(Available data)
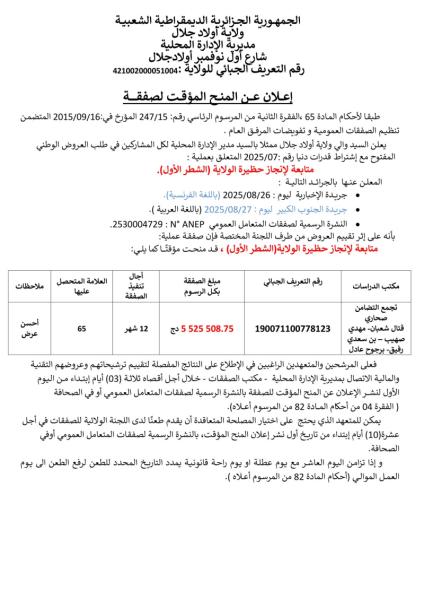 إعــــلان عـــــن المنـــح المؤقـــت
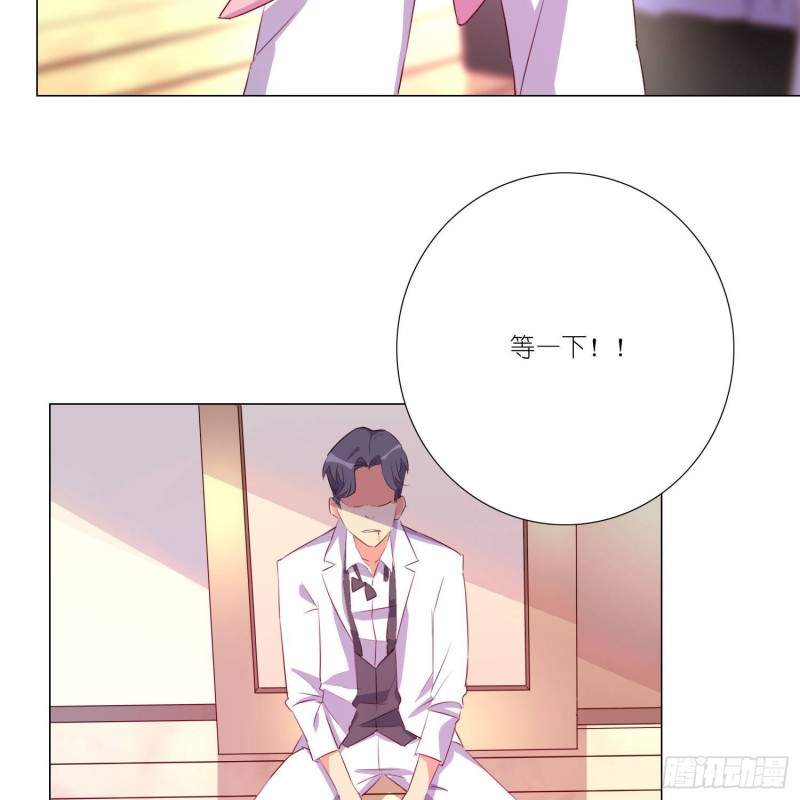 婚礼下的阴谋-第108话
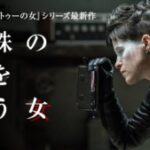 蜘蛛の巣を払う女 The Girl in the Spider Web 2018 コロンビア製作 ソニー・ピクチャーズ配給 - アメリカ版ドラゴン・タトゥーの女第二弾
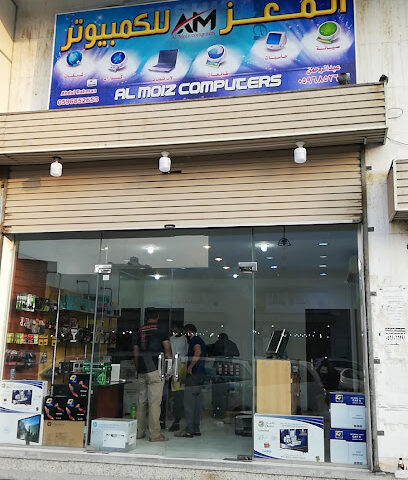 المعز للكمبيوتر المعز للكمبيتوتر - مكة المكرمة - +966 59 685 2653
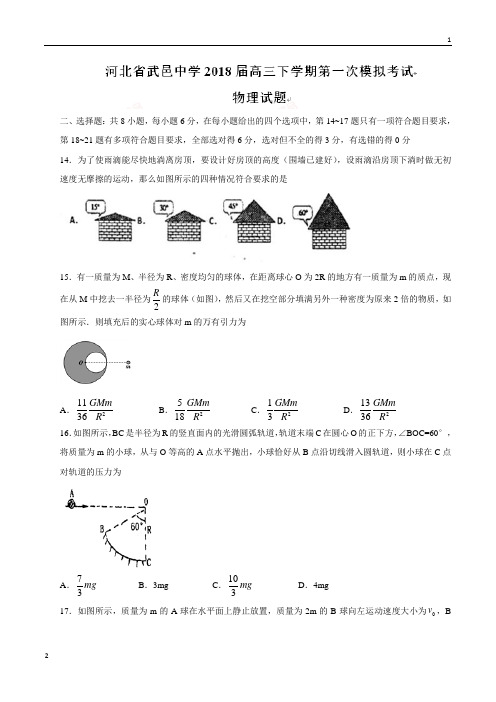 【全国百强校word版】河北省武邑中学2018届高三下学期第一次模拟考试物理试题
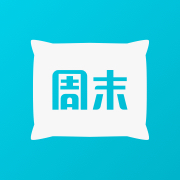 周末酒店軟件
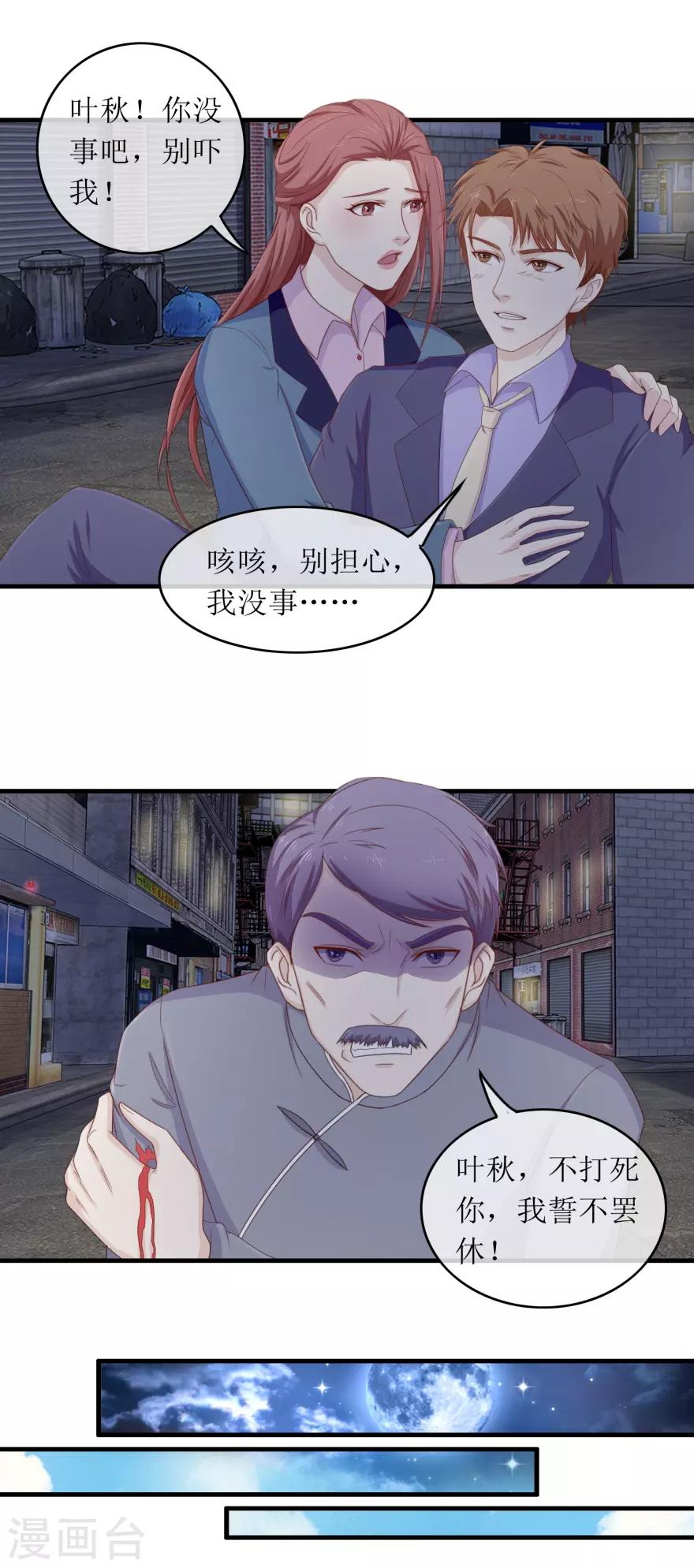 终极透视眼韩漫全集-第110话 身受重伤无删减无遮挡章节图片 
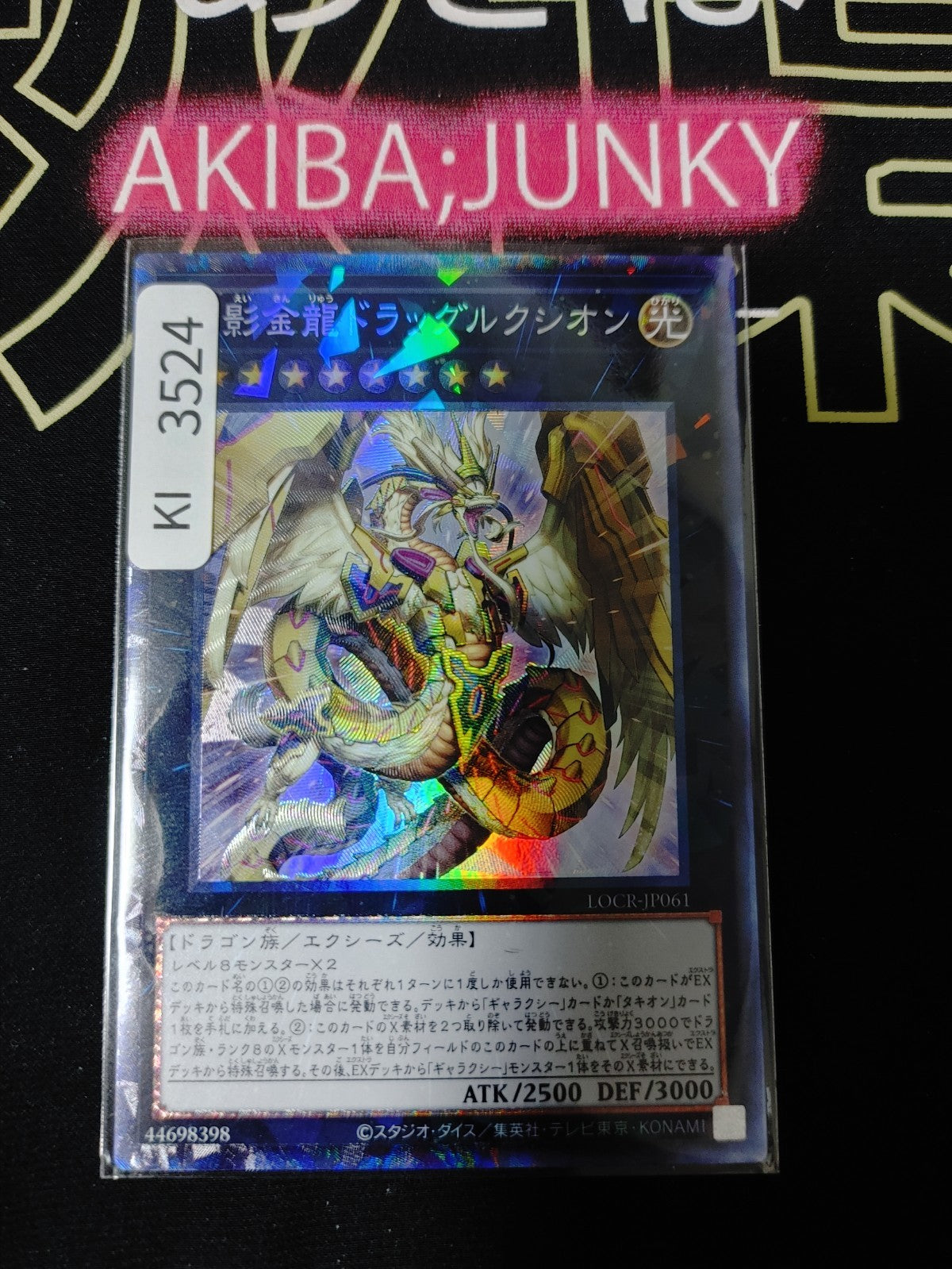 47431614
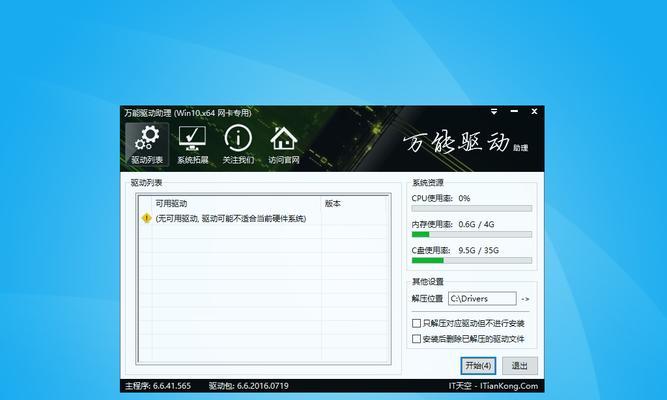 如何使用联想win10镜像系统进行安装（简单易懂的教程，让您轻松安装win10系统）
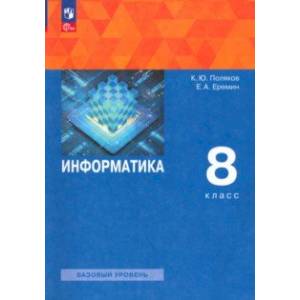 Информатика. 8 класс. Учебное пособие. ФГОС Информатика. 8 класс. Учебное пособие. ФГОС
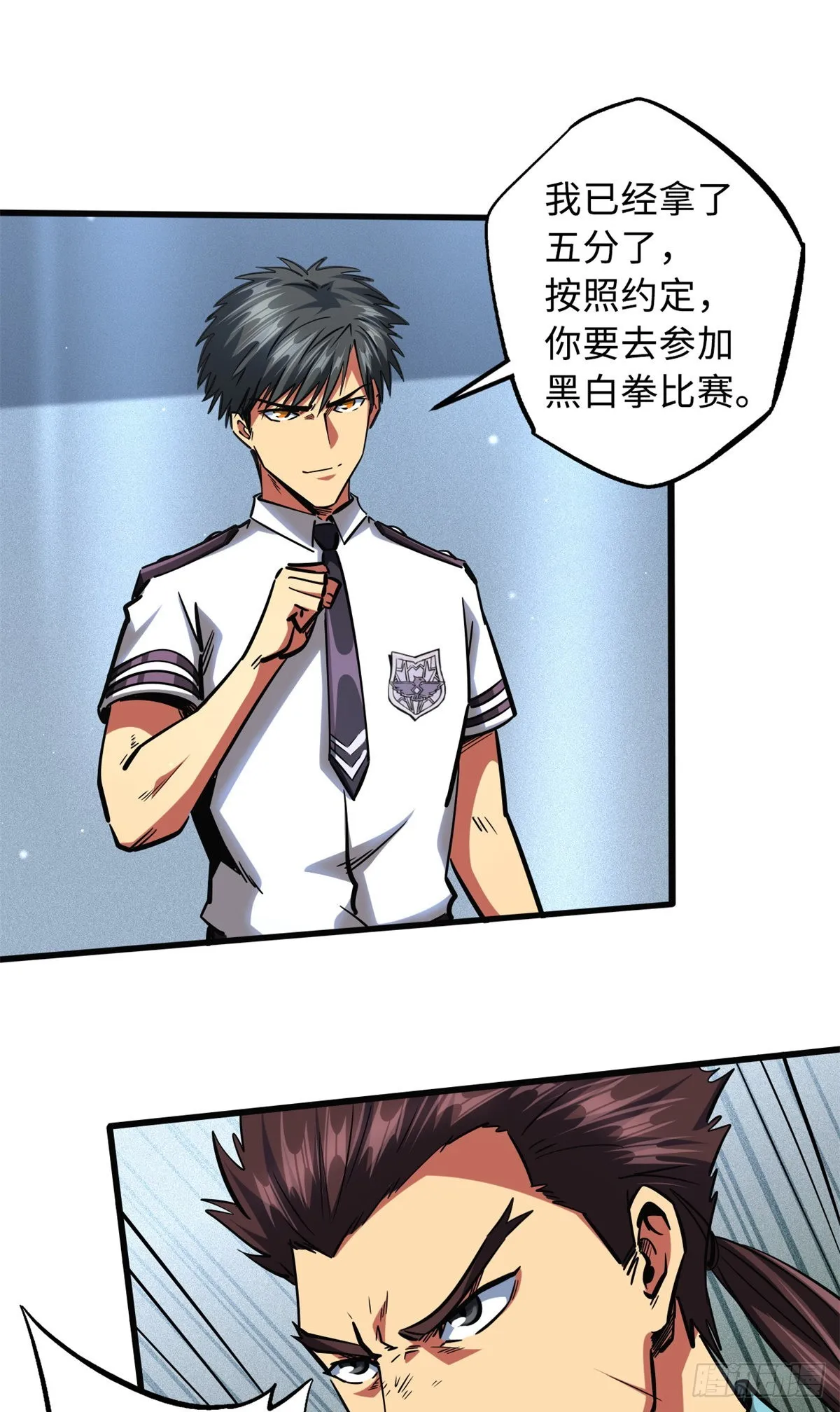 76 黑白拳！ 第23页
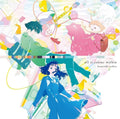 Movie Your Color Kimino Iro Original Soundtrack All is Color Within Japan CD New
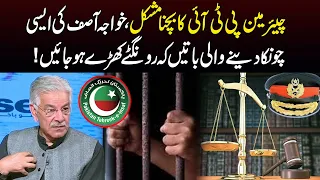 Khawaja Asif`s Statement on Actions Against PTI and Imran Khan | Red Line | Samaa TV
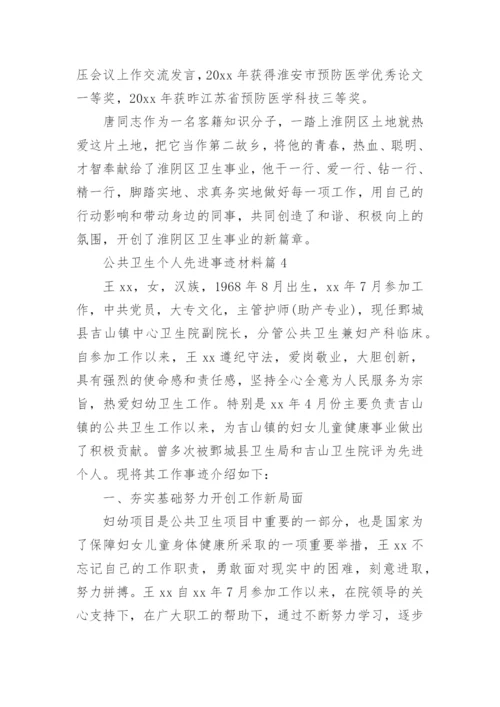 公共卫生个人先进事迹材料5篇.docx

(Assigned task)
Where a picture appears in the listing above, skip it and set down all the rest exactly.

(Response for this exercise)
 إعــــلان عـــــن المنـــح المؤقـــت
 婚礼下的阴谋-第108话
 蜘蛛の巣を払う女 The Girl in the Spider Web 2018 コロンビア製作 ソニー・ピクチャーズ配給 - アメリカ版ドラゴン・タトゥーの女第二弾
 المعز للكمبيوتر المعز للكمبيتوتر - مكة المكرمة - +966 59 685 2653
 【全国百强校word版】河北省武邑中学2018届高三下学期第一次模拟考试物理试题
 周末酒店軟件
 终极透视眼韩漫全集-第110话 身受重伤无删减无遮挡章节图片 
 47431614
 如何使用联想win10镜像系统进行安装（简单易懂的教程，让您轻松安装win10系统）
 Информатика. 8 класс. Учебное пособие. ФГОС Информатика. 8 класс. Учебное пособие. ФГОС
 76 黑白拳！ 第23页
 Movie Your Color Kimino Iro Original Soundtrack All is Color Within Japan CD New
 Khawaja Asif`s Statement on Actions Against PTI and Imran Khan | Red Line | Samaa TV
 公共卫生个人先进事迹材料5篇.docx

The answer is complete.